If I was still a teen, I’d have stayed at Knutsford Campground because of the name alone. Being an adult, I’m inclined to say I booked here for convenience, with a sprinkling of exasperation, but it was mostly because of the name. Don’t let age mislead you regarding maturity.
The first day of our boys’ trip through central BC in the summer of 2023, hunting gold, rocks, and fossils had us driving to Kamloops from Calgary. That’s a decent day’s drive for an aging guy like me. We would be heading to Princeton next but wanted to spend a night in Kamloops to do a little gold panning on the Tranquille River before heading out.
This river is home to a recreational panning area that has become YouTube famous thanks to gold celebrities like Dan Hurd. My son and I were keen to see if it lived up to the hype. Spoiler alert … it most definitely did.
Finding a campground proved more difficult than finding gold, however. There just aren’t that many campgrounds in or near Kamloops, especially if you hope to avoid being too close to a railroad. There’s literally nothing near the panning reserve.
Eventually, I just gave up and booked us a site at Knutsford Campground. It would require some backtracking through Kamloops to get to Tranquille, but at least we’d have a peaceful sleep. Hopefully.
LOCATION AND SETTING OF KNUTSFORD CAMPGROUND
Knutsford Campground is found on the west side of Highway 5A approximately 6 km south of the west end of Kamloops.
Knutsford is a tiny rural community with a few homes, a community centre, a handful of businesses, and a couple dozen acreages. One of those businesses is the campground. Another is an asphalt and aggregate recycling centre. It’s right next door to the campground. Yeah. I didn’t think that one through.
The campground is located at the bottom of a valley surrounding (and sometimes over top of) a small brook lazily making its way north to Kamloops. This little valley is a wee part of a much larger and broader valley extending south from the city.
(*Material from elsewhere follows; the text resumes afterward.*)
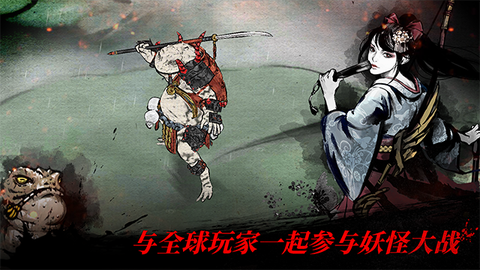 浪人末代武士正版图2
Being it lies in a valley with a water body flowing through, the campground is far greener than the surrounding hills and ranch land. There are numerous trees … poplar, willow, and even maple … with plenty of lush underbrush too. The surrounding land, by contrast, is brown and bleak. Only when you gain elevation into the rolling mountains does greenery return with any enthusiasm.
The access road into Knutsford Campground passes a small RV and vehicle storage lot. It then winds down into the valley, passing several modest cottages/houses and mobile homes. Several times during the day and into the evening we’d hear music coming from these places. Country music, of course. Thankfully it never spilled into the night disrupting our sleep.
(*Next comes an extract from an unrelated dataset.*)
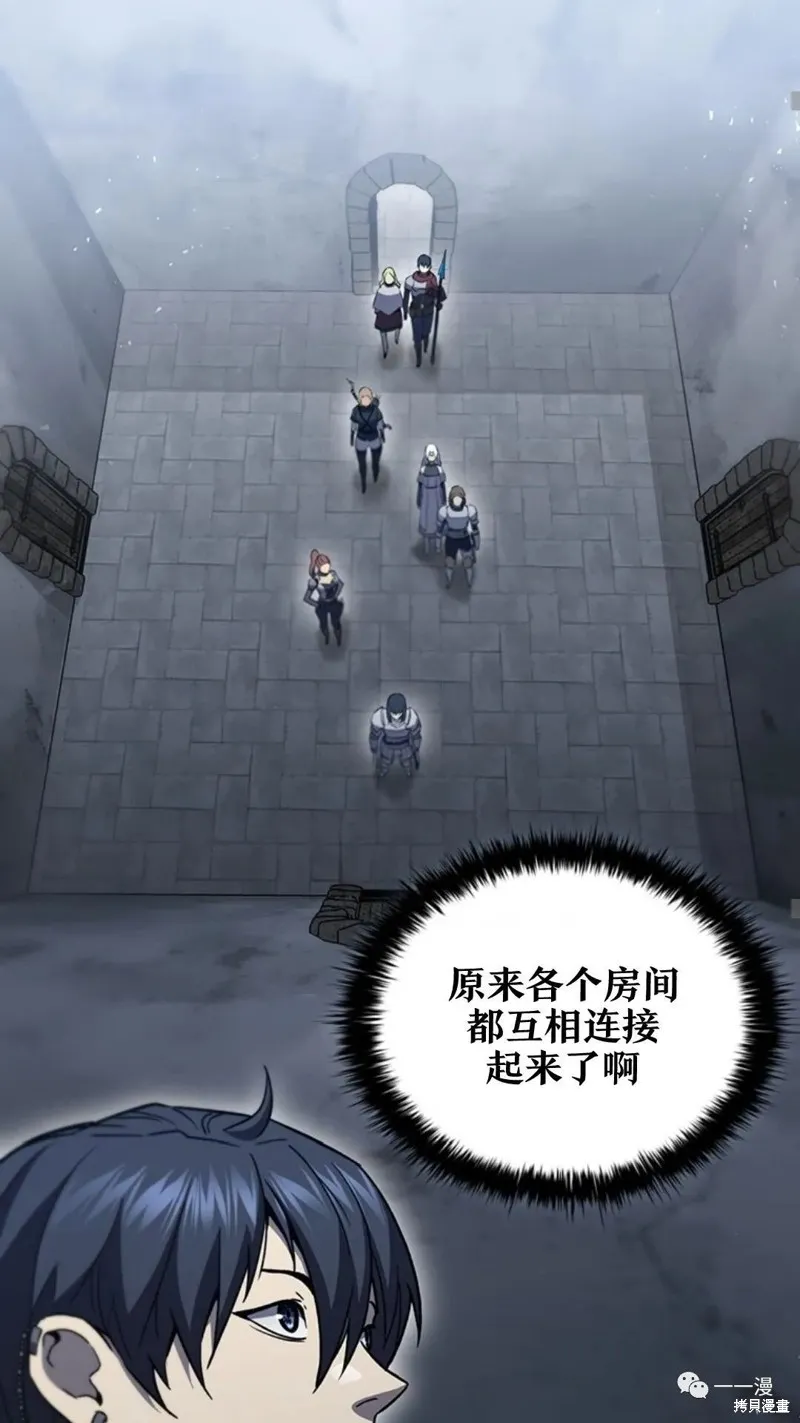 貪食的降臨,第93话,第57张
The same can be said of the road. Highway 5A may not be as busy as the TransCanada, but neither is it void of traffic. Logging trucks were regularly noticeable with their engine brakes chattering as they passed by. And the recycling business got a bit noisy with dump trucks and waste haulers the morning of our departure. But, hey, no trains!
KNUTSFORD CAMPGROUND LAYOUT
Knutsford Campground displays the more organic layout I’m fond of. The kind that takes you back to the days when things just expanded as needed rather than all being planned out beforehand. Sure, it makes for some odd-shaped campsites, but ultimately it results in a homier feel.
The central hub of the campground is an elongate loop with three strips of campsites along the exterior and interior of the loop road. Only the far east side of the loop road is void of sites. A straight extension to the south has sites on both sides of the road as does a similar extension to the north. A green space tucked into the northeast corner has additional tent only sites.
In total, there are 116 campsites at Knutsford Campground. Of those, 40 have full services, 48 have power and water only, and 28 are unserviced tent sites. The full service sites are all within the central loop on the west side. The tent sites are in two groupings, one in that northwest field and the other on the west side of the southern extension. The power and water sites can be found in all three sections of the campground.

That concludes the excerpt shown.